Recommended by Matt Minnicino

  • Anything That Bleeds
    23 Nov. 2021
    Elly Irwin never created a character she didn't love. She respects and cares for each one, acknowledging the jubilance of their daily lives, honoring that they are flawed and capable of anything, at all times careful to evoke their personalities and upbringings and deep-rooted beliefs in every throwaway line and interaction. She creates textured worlds that feel more slice-of-life than any slice-of-life playwright who came before, and this play is no exception. Often painful as you see where it's going, but never manipulative or melodramatic: a play about people and situations and what we take from them.
  • The Trade Federation, or, Let's Explore Globalization Through the Star Wars Prequels
    23 Nov. 2021
    There's always that point in a playwright's early/"emerging" career where they write about themselves in some way and we should all be thankful Andy did it this way and not any other, mashing together a potent, existential slurry of nerd lore, theatre magic, identity, and sizzling anticapitalism presented in a way that actually makes sense to the uninitiated. I really really hate to say something like this but I have to: these were exactly the droids I was looking for (wrong trilogy, I know).
  • Severance
    23 Nov. 2021
    Saw this play long ago and it stuck in my bones in a lot of delicious ways, especially as the world fractures off its axis a little more each day. A deeply tender but never saccharine/deeply terrifying but never cheaply shocking study of community and isolation in the face of mostly-inevitable oblivion. Jack's ear for character and structure is so attuned, and the way he dances around loving awareness of scifi tropes to create his own decaying, refracting arc for the story is thrilling.

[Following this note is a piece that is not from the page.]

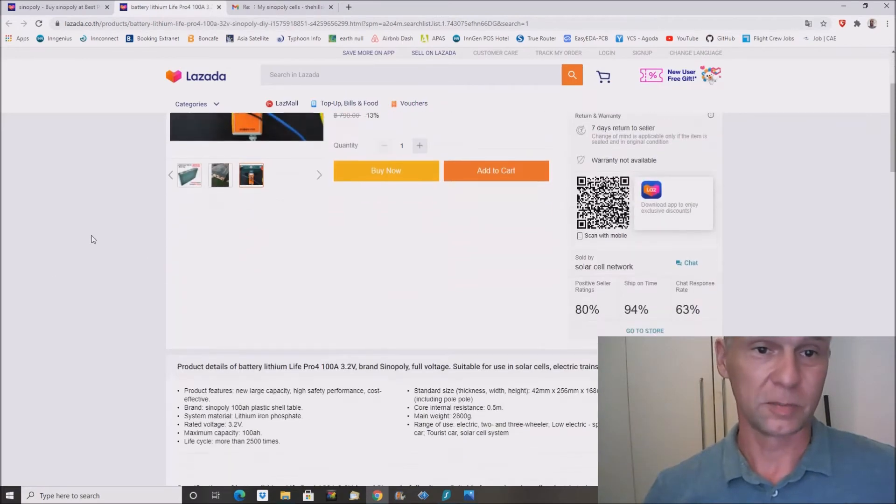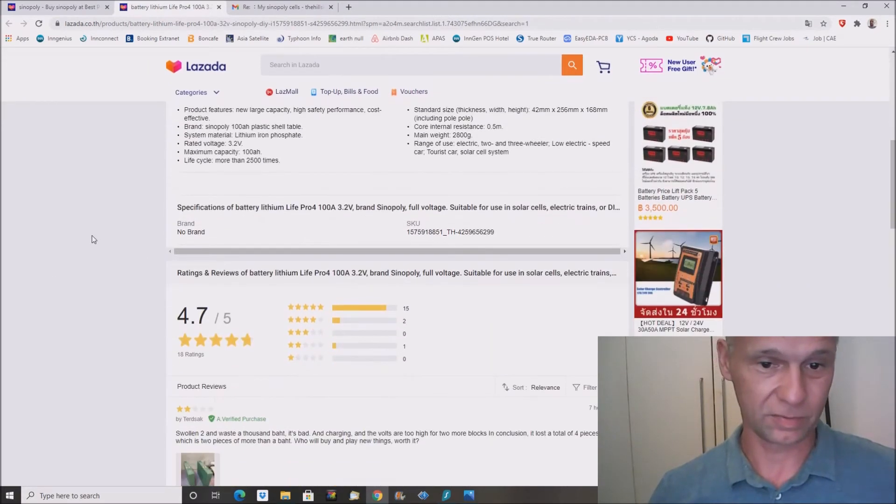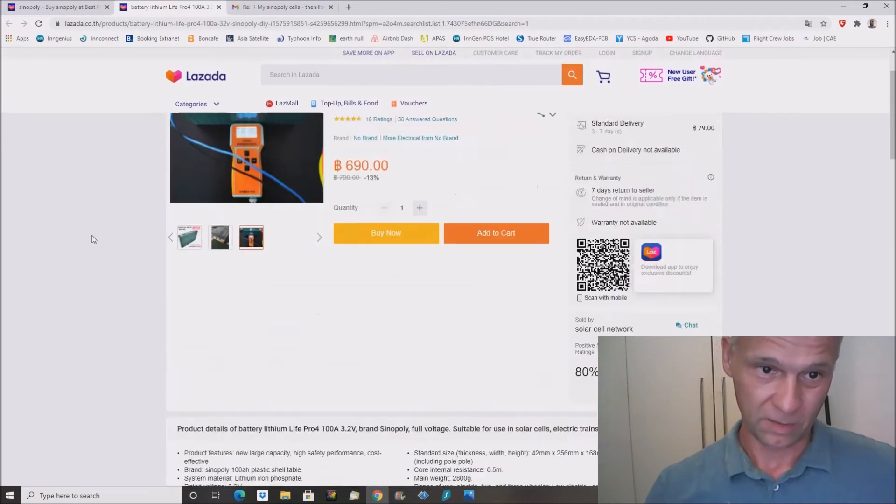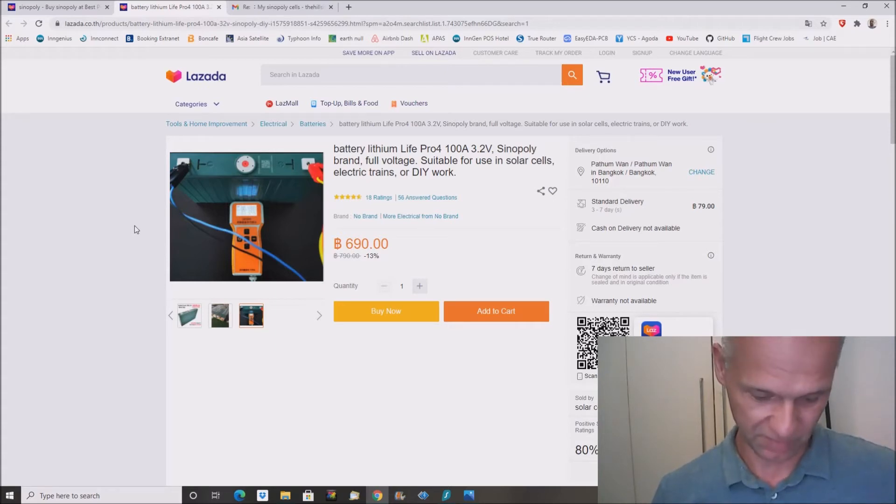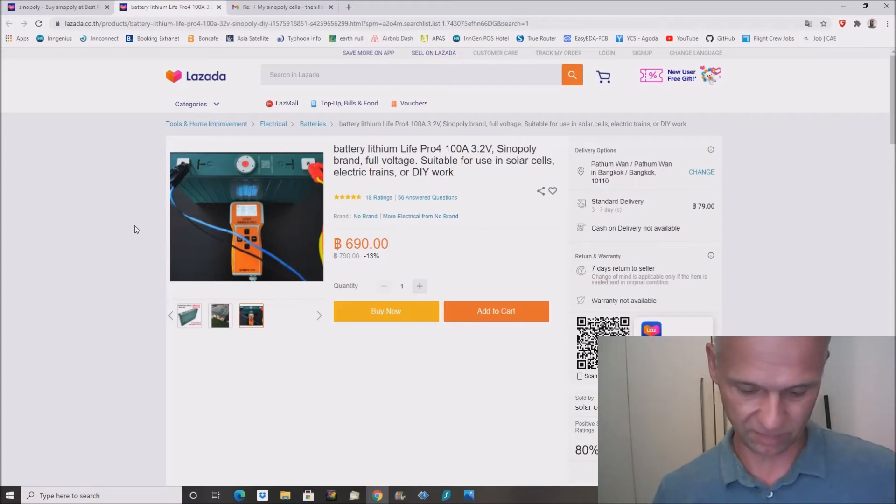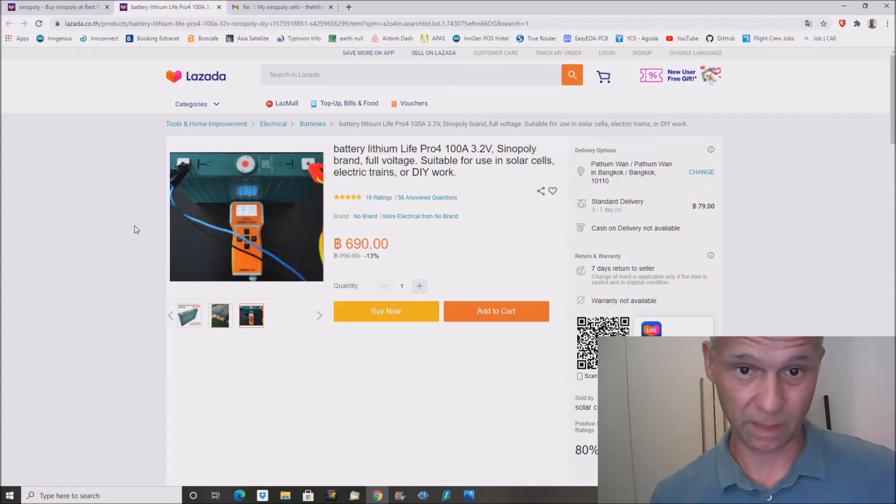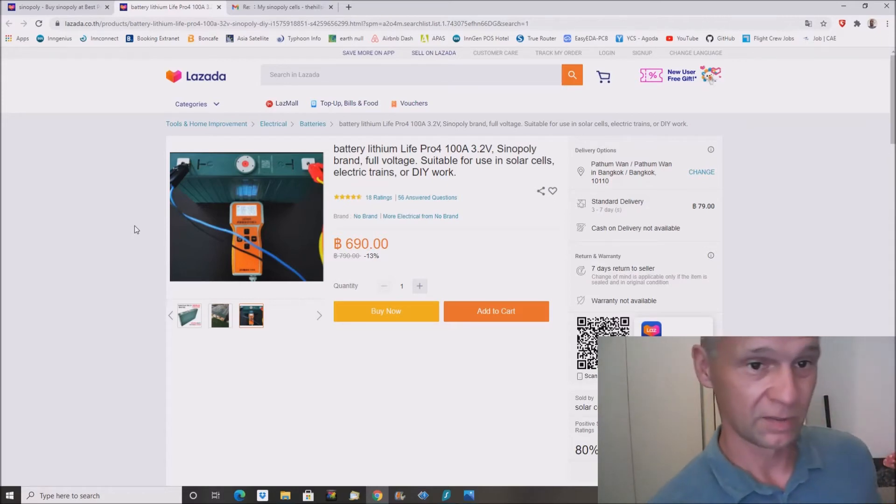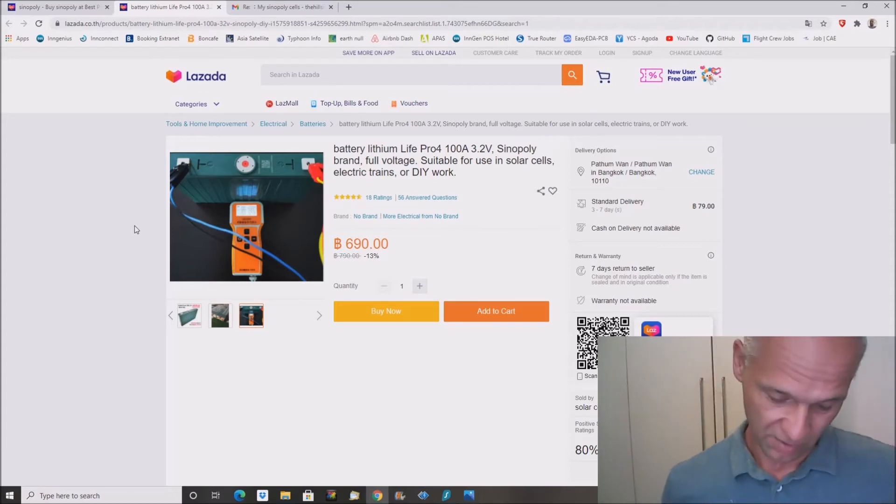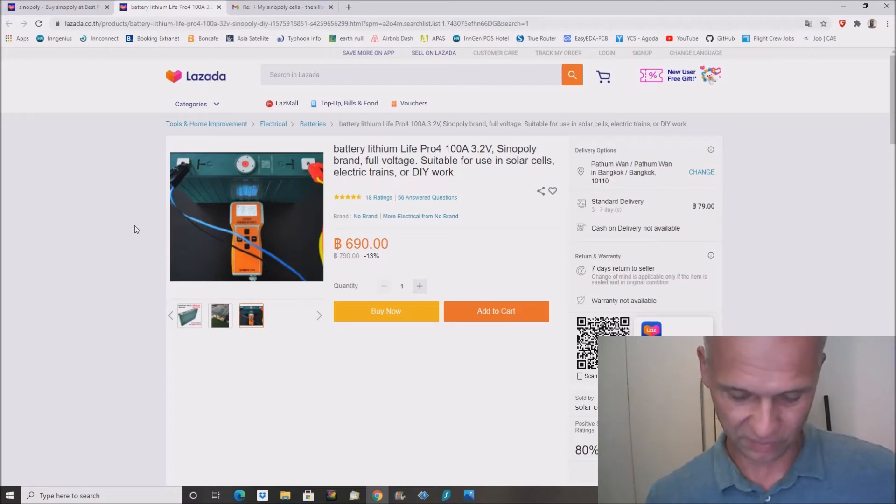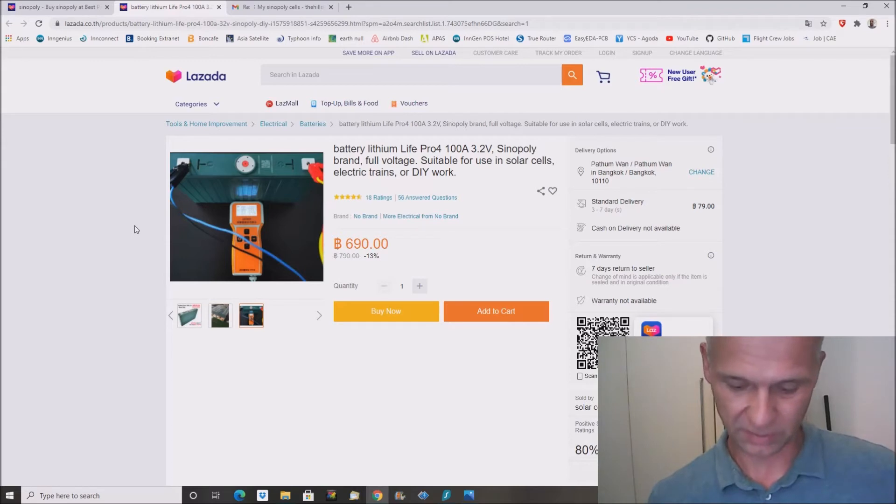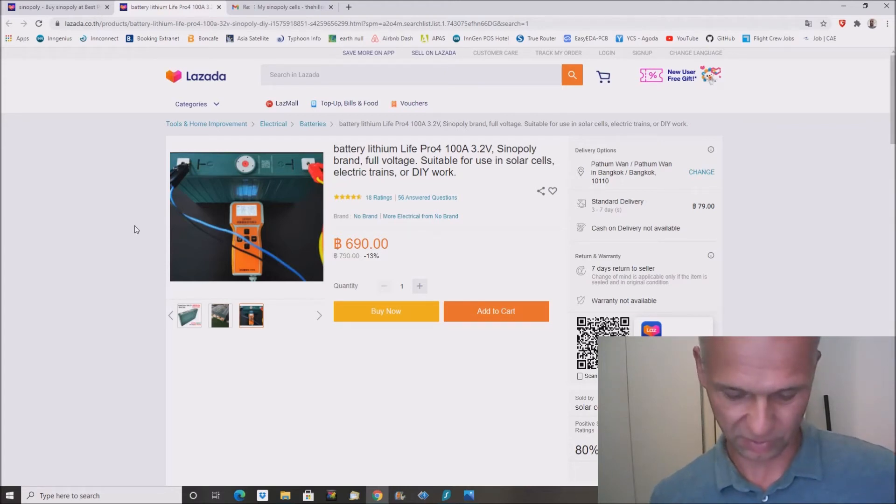So how much is that and why is that of interest? Well, 690 Baht for 100Ah, 690 Baht equals 23 US dollars. And just keep in mind, these are used cells. In my case, they degraded between 10 and 15%. So if I calculate a 15% degradation into this price, then one kilowatt hour from these cells costs 80 US dollars, so far below 100 US dollars per kilowatt hour.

  • Is Edward Snowden Single?
    23 Nov. 2021
    I feel like the terms "tour de force role" or "bravura part" get thrown around a bit but this play really epitomizes the concept, a pair of actresses take on the world, each other, memory, truth, and just a dollop of prescient geo-politics in this riotous and, ultimately, carefully-wrought study of friendship and what it means to actually, actually, no like ACTUALLY know another person. Plus: great part for a puppet.

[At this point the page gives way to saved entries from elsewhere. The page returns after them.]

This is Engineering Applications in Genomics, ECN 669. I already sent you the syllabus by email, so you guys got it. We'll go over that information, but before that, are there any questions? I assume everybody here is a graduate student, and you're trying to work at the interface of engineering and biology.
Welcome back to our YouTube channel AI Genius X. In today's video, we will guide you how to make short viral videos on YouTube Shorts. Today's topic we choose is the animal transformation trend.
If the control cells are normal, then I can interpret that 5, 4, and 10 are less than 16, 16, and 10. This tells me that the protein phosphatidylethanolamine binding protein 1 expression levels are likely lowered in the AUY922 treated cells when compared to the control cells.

  • The World is Ending and Maybe That's Kinda Hot
    23 Nov. 2021
    This play captures the chaos of being young and sexy and flawless and gross and understands that all those things added together equal armagaddon -- maybe in a way even Boccaccio didn't. I'm delighted and horrified by the sublime care taken in every intentional typo, or the torturous consumption of sweet sweet ice cream and how many things for which it's a potent metaphor. More classical adaptations like this, that tear the original apart and have sex with the pieces.
  • Intuitive Men
    23 Nov. 2021
    I read a review of Scorsese's "The Irishman" which said something to the effect of "the reason Scorsese made this movie was to make it so no one has to make any more gangster films" -- I feel this way about Sofya's play and its loving/scathing indictment of a certain kind of apocalyptic masculinity, desperate and needy and hollow and perfectly-realized. I don't really need other plays about men because this one gets the job done.
  • Refuge
    4 Jun. 2019
    The quietness of this play speaks volumes. On the surface a parable for immigration, Andrew's play swells and grows into a grand, elegiac poem about connection, loss, family, fear, freedom, blame, and ultimately humanity. Its world is crafted with the utmost artistry, every smell and sight and sound popping off the page -- fitting in a play that is so much about the places we call home, places we try to make home, and memories of home we carry with us.
  • HOMERIDAE
    4 Jun. 2019
    Who could see this play and not sing (muse) its praises! Homeridae makes dancing across huge oceans of tone, language, theme, and time look easy. Its central thesis, a racial and cultural reclamation of academia and of ancient beauty that's been subsumed by the Ivory Tower, is so refreshing and startling, a welcome jolt to inherited sensibilities. This is a story about finding your voice in your past, present, and future, carved with humor that smashes barriers and characters that bulge to bursting with life and ideas. What can I say but: do this play.
  • Alma Baya
    4 Jun. 2019
    The tautness of this play is sensational. Edward's world is not indulgent in the least, but built like a thrilling, intricate machine of inter-relationship and ratcheting tension. An audience might draw a million and one provocative meanings from Alma Baya, which is part of its beauty -- it plays your imagination like a piano. Edward's play is a master-class and brilliant primer on how to create sci-fi for the stage, how to inject genre theatre with humanizing themes, naturalism, and delightful theatricality that won't break the bank. A play I can't wait to see staged.
  • Walden
    4 Jun. 2019
    Walden is one of those rare plays that is both cosmically huge and refreshingly small at once, displaying an easy-going complexity of ideas and relationships that invest you deeply in both its world and its characters. The central bond, between two sisters who can't leave each other's orbit but are lightyears apart, is riveting and funny and sad and visceral and a whole lot of other adjectives that render them sink-your-teeth-in roles for any pair of actresses. And the story swirling around them, of how we move on from the world or save it, is (pun intended) totally stellar.